Est. 1872 · George Armstrong Custer · Battle of Little Bighorn · 7th Cavalry · North Dakota State Parks · Indian Wars
Fort Abraham Lincoln was established in 1872 as an infantry post, expanded in 1873 to include a cavalry component under Lieutenant Colonel George Armstrong Custer. The fort occupied a commanding position on the west bank of the Missouri River near the confluence with the Heart River, providing a staging ground for expeditions into Lakota and Northern Cheyenne territory.
Custer and his wife Elizabeth 'Libbie' Custer took up residence in the commanding officer's quarters — the building reconstructed in 1989 as the Custer House. The couple's life at Fort Lincoln was documented in Libbie Custer's memoirs, which described the social patterns, fort routines, and landscapes of the Missouri River country.
On June 22, 1876, Custer led the 7th Cavalry out of Fort Abraham Lincoln as part of a three-pronged campaign against non-reservation Sioux and Cheyenne. Libbie Custer accompanied the column for part of the first day. On June 25–26, 1876, at the Little Bighorn River in Montana Territory, the 7th Cavalry encountered a far larger Lakota and Cheyenne encampment than anticipated. Custer and 268 men of his immediate command were killed. Libbie Custer received word of her husband's death at the fort.
The fort was decommissioned in 1891 as the Indian Wars effectively concluded. The site was transferred to the State of North Dakota and designated as a state park — the state's oldest, established in 1907. The Custer House and additional fort structures were reconstructed between the 1970s and 1989, using historical records and archaeological findings to replicate the original floor plans and architectural details. Staff and visitors began reporting paranormal phenomena shortly after the 1989 reconstruction was completed.
Sources
- https://hauntedattractionnetwork.com/haunted-fort-event-fort-abraham-lincoln/
- https://www.northdakotahauntedhouses.com/real-haunt/fort-abraham-lincoln-state-park.html
- https://mosthauntedplacesintheworld.com/most-haunted-places-in-north-dakota/
ApparitionsShadow figuresPhantom footstepsPhantom soundsPhantom voices
Fort Abraham Lincoln is described in paranormal literature as one of North Dakota's most active sites, with a specific narrative that the 1989 reconstruction of the Custer House and fort buildings triggered a significant increase in reported phenomena — the suggestion being that the reconstruction awoke the identities historically associated with the structures.

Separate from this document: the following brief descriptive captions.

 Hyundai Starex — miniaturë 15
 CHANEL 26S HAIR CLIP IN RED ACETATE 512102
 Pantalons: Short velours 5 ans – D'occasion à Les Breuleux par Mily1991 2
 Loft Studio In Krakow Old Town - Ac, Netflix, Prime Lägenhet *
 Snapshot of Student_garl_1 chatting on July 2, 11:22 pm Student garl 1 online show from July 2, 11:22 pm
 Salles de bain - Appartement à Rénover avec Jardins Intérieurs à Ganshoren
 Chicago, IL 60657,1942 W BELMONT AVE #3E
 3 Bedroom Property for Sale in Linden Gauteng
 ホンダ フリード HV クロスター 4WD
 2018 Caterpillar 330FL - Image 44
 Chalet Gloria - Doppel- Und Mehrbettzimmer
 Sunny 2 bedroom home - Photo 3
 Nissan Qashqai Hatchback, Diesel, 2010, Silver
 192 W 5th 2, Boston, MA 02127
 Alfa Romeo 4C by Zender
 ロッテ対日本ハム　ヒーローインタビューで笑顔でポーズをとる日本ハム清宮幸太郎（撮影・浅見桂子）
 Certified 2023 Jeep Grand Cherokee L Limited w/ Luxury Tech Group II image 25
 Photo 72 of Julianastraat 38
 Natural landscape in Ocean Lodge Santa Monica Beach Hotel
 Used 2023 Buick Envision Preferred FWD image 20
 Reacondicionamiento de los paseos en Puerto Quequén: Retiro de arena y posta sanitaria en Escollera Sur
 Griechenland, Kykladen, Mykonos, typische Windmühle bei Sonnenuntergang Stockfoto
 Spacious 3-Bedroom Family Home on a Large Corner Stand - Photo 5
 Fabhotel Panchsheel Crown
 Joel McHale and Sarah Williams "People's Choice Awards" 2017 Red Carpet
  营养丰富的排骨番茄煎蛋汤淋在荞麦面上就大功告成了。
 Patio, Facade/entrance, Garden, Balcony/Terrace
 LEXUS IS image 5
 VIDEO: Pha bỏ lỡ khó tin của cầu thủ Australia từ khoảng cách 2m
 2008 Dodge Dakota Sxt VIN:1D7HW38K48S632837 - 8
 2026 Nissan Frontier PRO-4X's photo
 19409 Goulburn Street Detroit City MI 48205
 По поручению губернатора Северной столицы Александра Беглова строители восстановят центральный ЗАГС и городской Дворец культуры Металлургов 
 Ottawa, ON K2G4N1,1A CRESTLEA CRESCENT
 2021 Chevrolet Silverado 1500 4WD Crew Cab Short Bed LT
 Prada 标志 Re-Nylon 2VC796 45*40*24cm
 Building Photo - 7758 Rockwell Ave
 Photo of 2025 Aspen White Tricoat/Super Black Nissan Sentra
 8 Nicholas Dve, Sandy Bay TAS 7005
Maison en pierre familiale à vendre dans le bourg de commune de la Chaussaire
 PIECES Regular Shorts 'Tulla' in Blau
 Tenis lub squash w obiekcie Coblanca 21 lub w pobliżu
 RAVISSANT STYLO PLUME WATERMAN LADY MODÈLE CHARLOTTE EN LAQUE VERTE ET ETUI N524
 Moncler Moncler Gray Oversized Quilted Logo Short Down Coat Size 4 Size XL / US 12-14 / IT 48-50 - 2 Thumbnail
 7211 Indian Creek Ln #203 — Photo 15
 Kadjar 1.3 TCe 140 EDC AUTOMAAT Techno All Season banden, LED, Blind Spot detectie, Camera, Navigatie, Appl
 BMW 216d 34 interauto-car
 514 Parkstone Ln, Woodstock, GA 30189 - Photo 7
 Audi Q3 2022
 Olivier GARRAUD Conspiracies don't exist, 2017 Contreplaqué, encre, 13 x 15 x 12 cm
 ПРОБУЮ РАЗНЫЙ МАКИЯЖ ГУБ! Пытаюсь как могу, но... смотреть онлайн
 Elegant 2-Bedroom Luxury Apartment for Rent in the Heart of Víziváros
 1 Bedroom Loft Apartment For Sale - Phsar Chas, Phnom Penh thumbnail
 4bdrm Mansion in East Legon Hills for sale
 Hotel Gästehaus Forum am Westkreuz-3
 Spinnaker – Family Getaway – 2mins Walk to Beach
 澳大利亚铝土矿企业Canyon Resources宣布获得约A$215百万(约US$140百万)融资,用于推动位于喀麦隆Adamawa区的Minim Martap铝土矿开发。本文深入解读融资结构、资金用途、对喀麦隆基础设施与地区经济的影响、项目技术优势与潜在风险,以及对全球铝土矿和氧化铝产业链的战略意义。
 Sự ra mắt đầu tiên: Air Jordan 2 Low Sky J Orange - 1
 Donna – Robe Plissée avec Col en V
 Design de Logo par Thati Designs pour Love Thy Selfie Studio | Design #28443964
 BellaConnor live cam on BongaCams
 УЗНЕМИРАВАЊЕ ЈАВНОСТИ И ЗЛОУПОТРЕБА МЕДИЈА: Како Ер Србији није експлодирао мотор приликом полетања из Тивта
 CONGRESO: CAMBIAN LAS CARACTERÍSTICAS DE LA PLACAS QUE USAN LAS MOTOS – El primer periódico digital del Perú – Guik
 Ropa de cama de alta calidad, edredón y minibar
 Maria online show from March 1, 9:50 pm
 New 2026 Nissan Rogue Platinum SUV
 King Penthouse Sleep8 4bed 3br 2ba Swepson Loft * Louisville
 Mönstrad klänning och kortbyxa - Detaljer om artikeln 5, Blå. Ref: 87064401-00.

The Custer House generates the most detailed accounts. A woman in a black dress is seen standing at a second-floor window — attributed in accounts to Libbie Custer, who spent years at the fort before her husband's death and who outlived him by 57 years, dying in 1933. Distressed whispers and hurried footsteps have been reported throughout the house interior, along with accounts of crying heard in the residential quarters.
The barracks — reconstructed to reflect the infantry quarters — produce reports of footsteps pacing the sergeant's corridor. The commissary generates accounts of a shadowy figure moving through the space at night. In the stables, visitors and staff have reported the sounds of horse hooves striking packed earth in what are currently empty stalls.
Along the boardwalk connecting the fort structures, multiple accounts describe the sound of women weeping — attributed in some accounts to the fort wives who gathered to watch Custer's column depart in June 1876, many of whom would learn of their husbands' deaths weeks later.
Some accounts describe Custer himself, identified by his characteristic appearance, standing among soldiers in blue uniforms on or near the parade ground — a residual image consistent with the scale of the departure ceremony that preceded Little Bighorn.
Notable Entities
Libbie Custer (attributed)George Armstrong Custer (attributed)7th Cavalry Soldiers (attributed)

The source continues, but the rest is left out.